Modern Data Stack in a Box with DuckDB
This post is a collaboration with Jacob Matson and cross-posted on dataduel.co.
There is a large volume of literature (1, 2, 3) about scaling data pipelines. “Use Kafka! Build a lake house! Don’t build a lake house, use Snowflake! Don’t use Snowflake, use XYZ!” However, with advances in hardware and the rapid maturation of data software, there is a simpler approach. This article will light up the path to highly performant single node analytics with an MDS-in-a-box open source stack: Meltano, DuckDB, dbt, & Apache Superset on Windows using Windows Subsystem for Linux (WSL). There are many options within the MDS, so if you are using another stack to build an MDS-in-a-box, please share it with the community on the DuckDB Twitter, GitHub, or Discord, or the dbt slack! Or just stop by for a friendly debate about our choice of tools!
What is the Modern Data Stack, and why use it? The MDS can mean many things (see examples here and a historical perspective here), but fundamentally it is a return to using SQL for data transformations by combining multiple best-in-class software tools to form a stack. A typical stack would include (at least!) a tool to extract data from sources and load it into a data warehouse, dbt to transform and analyze that data in the warehouse, and a business intelligence tool. The MDS leverages the accessibility of SQL in combination with software development best practices like git to enable analysts to scale their impact across their companies.
Why build a bundled Modern Data Stack on a single machine, rather than on multiple machines and on a data warehouse? There are many advantages!
- Simplify for higher developer productivity
- Reduce costs by removing the data warehouse
- Deploy with ease either locally, on-premise, in the cloud, or all 3
- Eliminate software expenses with a fully free and open-source stack
- Maintain high performance with modern software like DuckDB and increasingly powerful single-node compute instances
- Achieve self-sufficiency by completing an end-to-end proof of concept on your laptop
- Enable development best practices by integrating with GitHub
- Enhance security by (optionally) running entirely locally or on-premise
If you contribute to an open-source community or provide a product within the Modern Data Stack, there is an additional benefit!

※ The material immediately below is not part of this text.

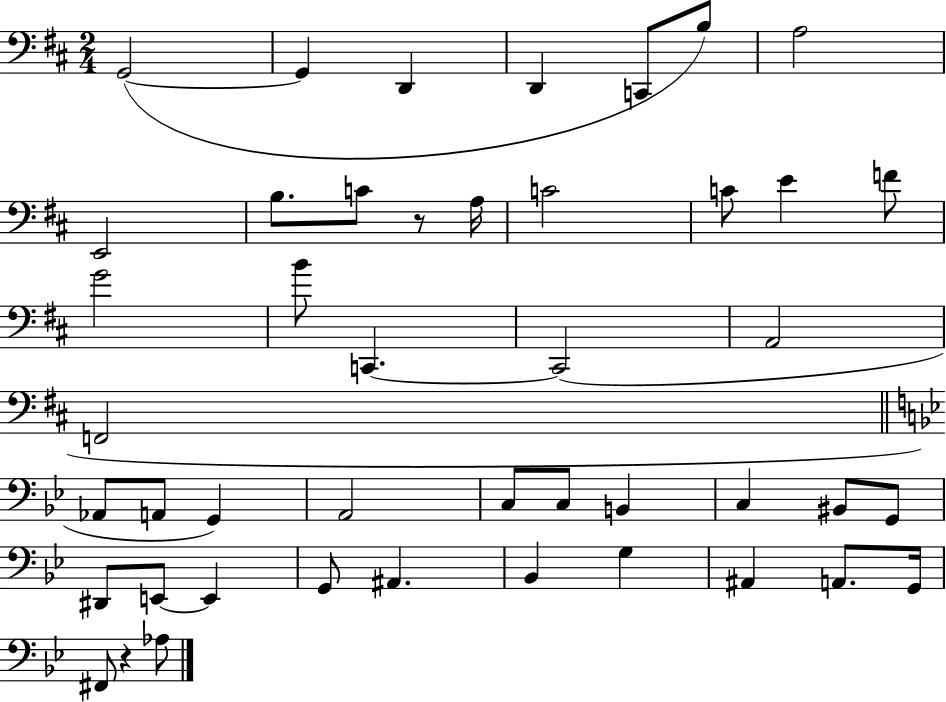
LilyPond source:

- Increase adoption of your tool by providing a free and self-contained example stack
One key component of the MDS is the unlimited scalability of compute. How does that align with the MDS-in-a-box approach? Today, cloud computing instances can vertically scale significantly more than in the past (for example, 224 cores and 24 TB of RAM on AWS!). Laptops are more powerful than ever. Now that new OLAP tools like DuckDB can take better advantage of that compute, horizontal scaling is no longer necessary for many analyses! Also, this MDS-in-a-box can be duplicated with ease to as many boxes as needed if partitioned by data subject area. So, while infinite compute is sacrificed, significant scale is still easily achievable.
Due to this tradeoff, this approach is more of an “Open Source Analytics Stack in a box” than a traditional MDS. It sacrifices infinite scale for significant simplification and the other benefits above.

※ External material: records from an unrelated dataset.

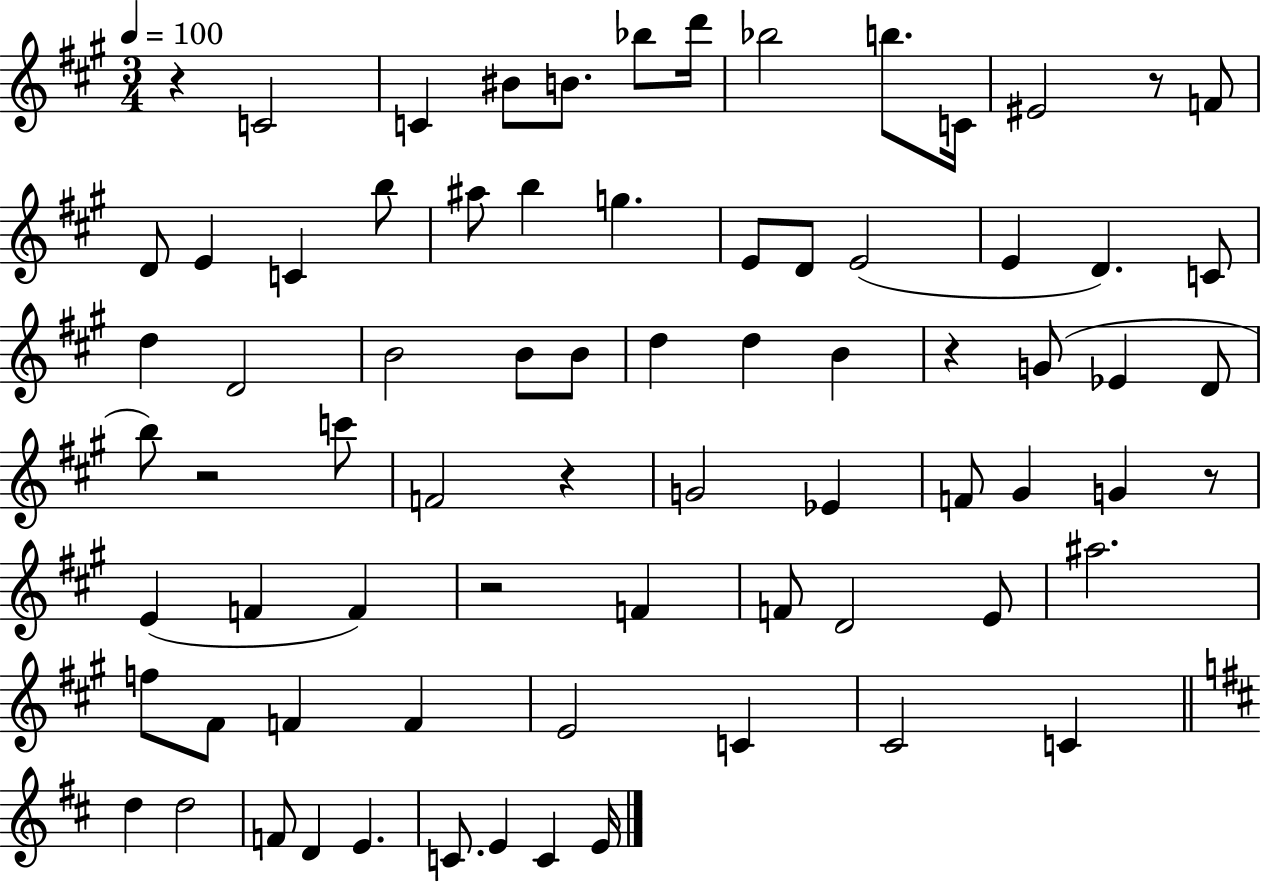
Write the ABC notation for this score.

X:1
T:Untitled
M:3/4
L:1/4
K:A
z C2 C ^B/2 B/2 _b/2 d'/4 _b2 b/2 C/4 ^E2 z/2 F/2 D/2 E C b/2 ^a/2 b g E/2 D/2 E2 E D C/2 d D2 B2 B/2 B/2 d d B z G/2 _E D/2 b/2 z2 c'/2 F2 z G2 _E F/2 ^G G z/2 E F F z2 F F/2 D2 E/2 ^a2 f/2 ^F/2 F F E2 C ^C2 C d d2 F/2 D E C/2 E C E/4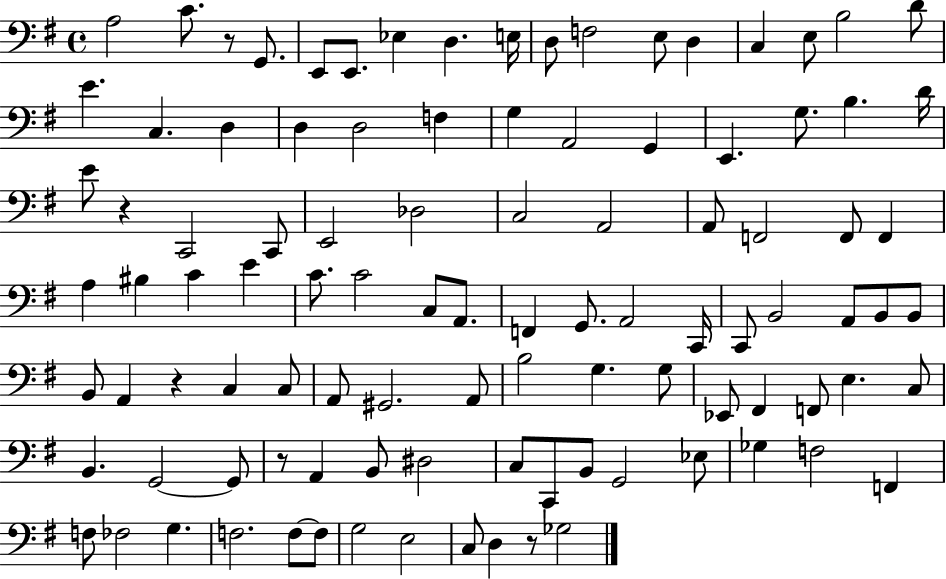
{
  \clef bass
  \time 4/4
  \defaultTimeSignature
  \key g \major
  a2 c'8. r8 g,8. | e,8 e,8. ees4 d4. e16 | d8 f2 e8 d4 | c4 e8 b2 d'8 | \break e'4. c4. d4 | d4 d2 f4 | g4 a,2 g,4 | e,4. g8. b4. d'16 | \break e'8 r4 c,2 c,8 | e,2 des2 | c2 a,2 | a,8 f,2 f,8 f,4 | \break a4 bis4 c'4 e'4 | c'8. c'2 c8 a,8. | f,4 g,8. a,2 c,16 | c,8 b,2 a,8 b,8 b,8 | \break b,8 a,4 r4 c4 c8 | a,8 gis,2. a,8 | b2 g4. g8 | ees,8 fis,4 f,8 e4. c8 | \break b,4. g,2~~ g,8 | r8 a,4 b,8 dis2 | c8 c,8 b,8 g,2 ees8 | ges4 f2 f,4 | \break f8 fes2 g4. | f2. f8~~ f8 | g2 e2 | c8 d4 r8 ges2 | \break \bar "|."
}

Given that the NBA season is starting soon, a monte carlo type simulation of the season is both topical and well-suited for analytical SQL. This is a particularly great scenario to test the limits of DuckDB because it only requires simple inputs and easily scales out to massive numbers of records. This entire project is held in a GitHub repo, which you can find here.
The detailed steps to build the project can be found in the repo, but the high-level steps will be repeated here. As a note, Windows Subsystem for Linux (WSL) was chosen to support Apache Superset, but the other components of this stack can run directly on any operating system. Thankfully, using Linux on Windows has become very straightforward.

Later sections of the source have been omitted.